[DATA RECORDS — start]
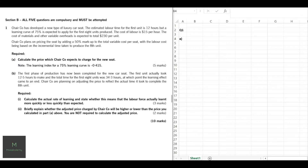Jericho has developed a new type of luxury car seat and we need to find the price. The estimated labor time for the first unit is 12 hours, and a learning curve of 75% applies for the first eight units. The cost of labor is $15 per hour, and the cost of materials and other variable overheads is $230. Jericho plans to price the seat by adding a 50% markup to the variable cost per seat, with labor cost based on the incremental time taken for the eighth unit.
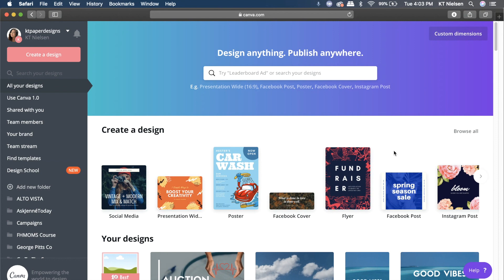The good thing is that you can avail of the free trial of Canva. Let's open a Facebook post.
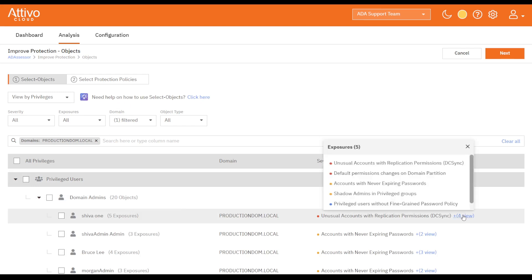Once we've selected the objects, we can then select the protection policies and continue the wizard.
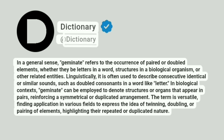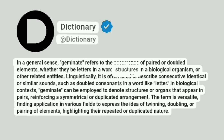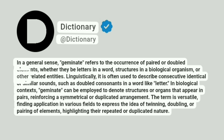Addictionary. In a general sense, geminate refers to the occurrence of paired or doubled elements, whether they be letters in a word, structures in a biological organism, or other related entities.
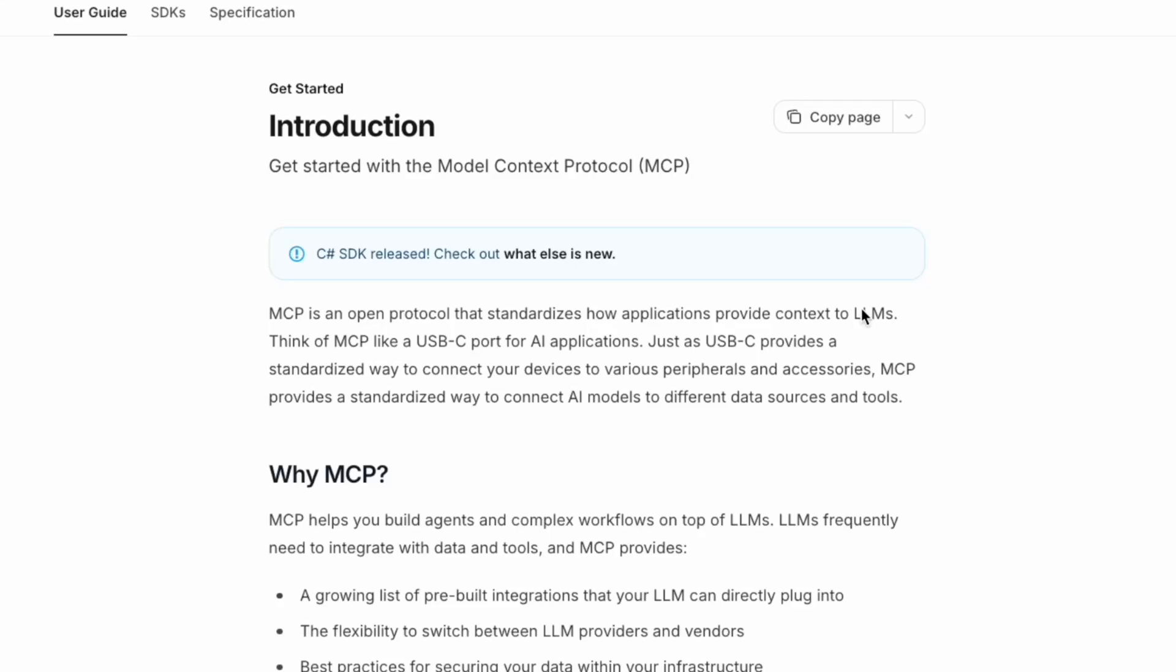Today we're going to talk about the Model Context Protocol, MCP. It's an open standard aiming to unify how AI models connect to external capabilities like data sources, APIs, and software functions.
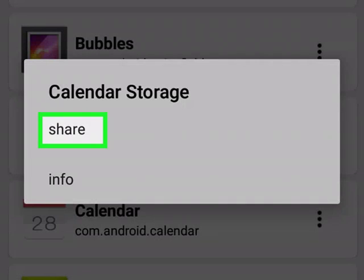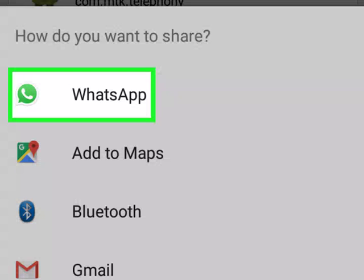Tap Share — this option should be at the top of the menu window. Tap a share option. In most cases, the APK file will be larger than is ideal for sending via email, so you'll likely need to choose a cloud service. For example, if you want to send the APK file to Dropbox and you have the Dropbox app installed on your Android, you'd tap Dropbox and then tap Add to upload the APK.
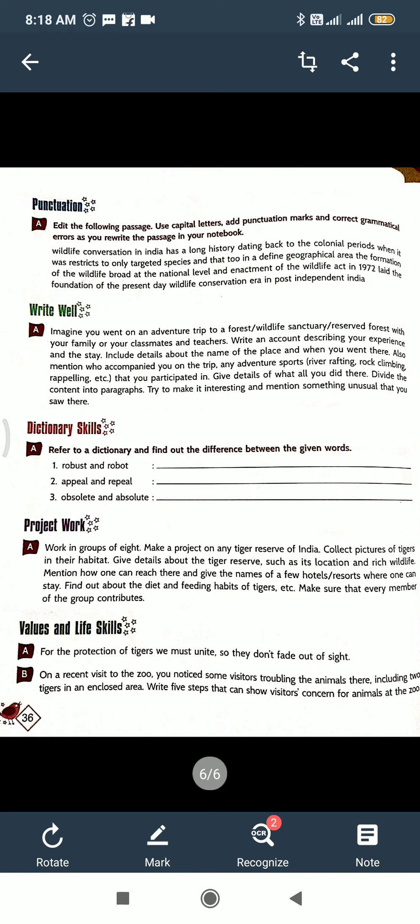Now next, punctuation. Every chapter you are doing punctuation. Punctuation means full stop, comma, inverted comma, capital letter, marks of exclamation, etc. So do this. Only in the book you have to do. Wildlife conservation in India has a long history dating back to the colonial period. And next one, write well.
[DATA RECORDS — finish]
[DATA RECORDS — start]
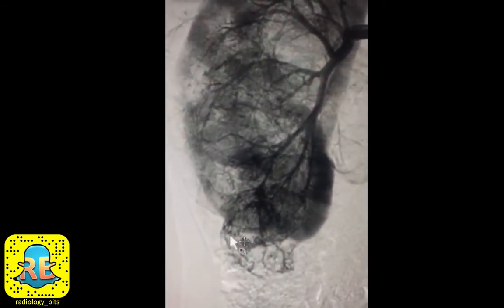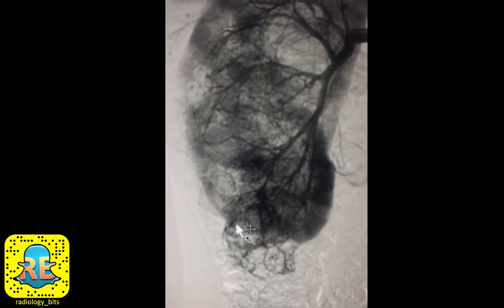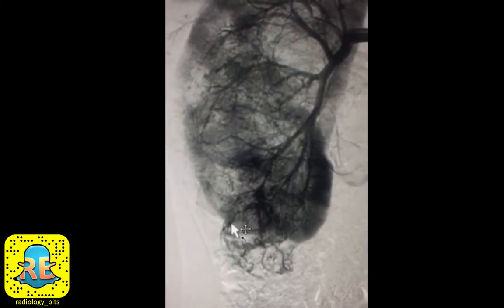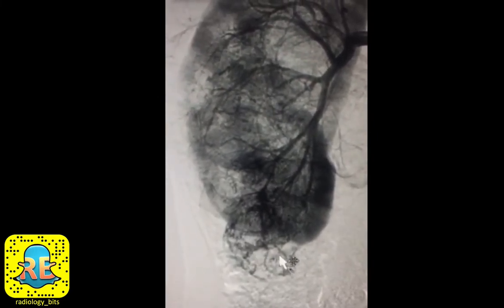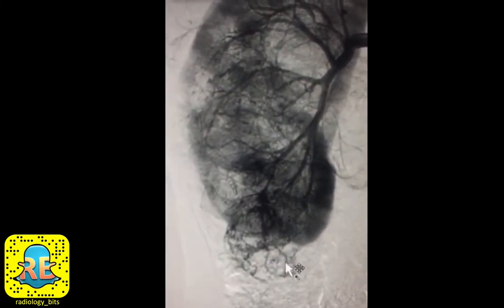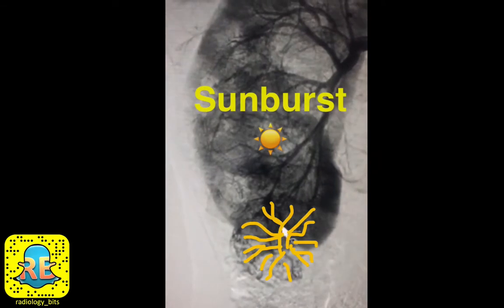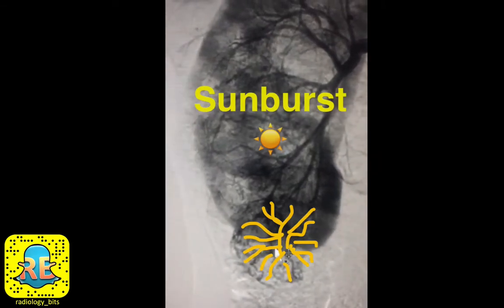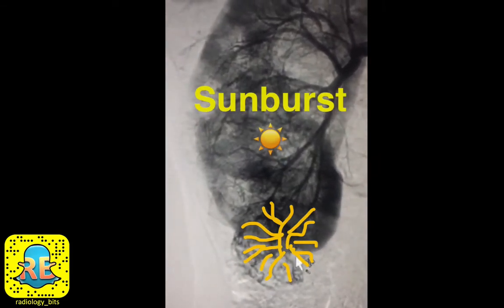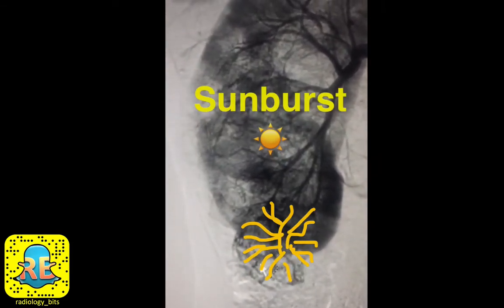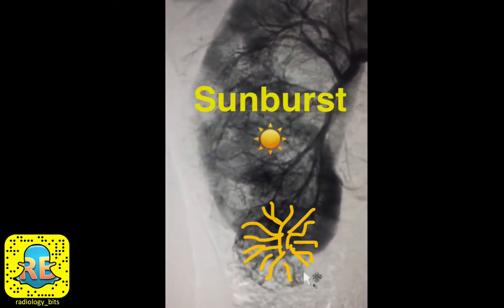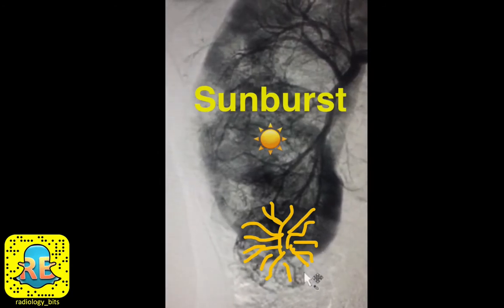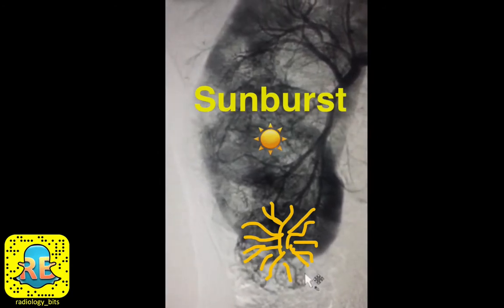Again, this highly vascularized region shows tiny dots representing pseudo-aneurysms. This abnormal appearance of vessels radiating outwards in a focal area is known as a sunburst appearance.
[DATA RECORDS — finish]
● WORK INSTRUCTIONS:
Both boundary lines included, write out word for word only the lines above from the one containing "Today we're going" to the one containing "Now next, punctuation.", leaving out any pictures.

● YOUR RESPONSE:
Today we're going to talk about the Model Context Protocol, MCP. It's an open standard aiming to unify how AI models connect to external capabilities like data sources, APIs, and software functions.
Tap Share — this option should be at the top of the menu window. Tap a share option. In most cases, the APK file will be larger than is ideal for sending via email, so you'll likely need to choose a cloud service. For example, if you want to send the APK file to Dropbox and you have the Dropbox app installed on your Android, you'd tap Dropbox and then tap Add to upload the APK.
Now next, punctuation. Every chapter you are doing punctuation. Punctuation means full stop, comma, inverted comma, capital letter, marks of exclamation, etc. So do this. Only in the book you have to do. Wildlife conservation in India has a long history dating back to the colonial period. And next one, write well.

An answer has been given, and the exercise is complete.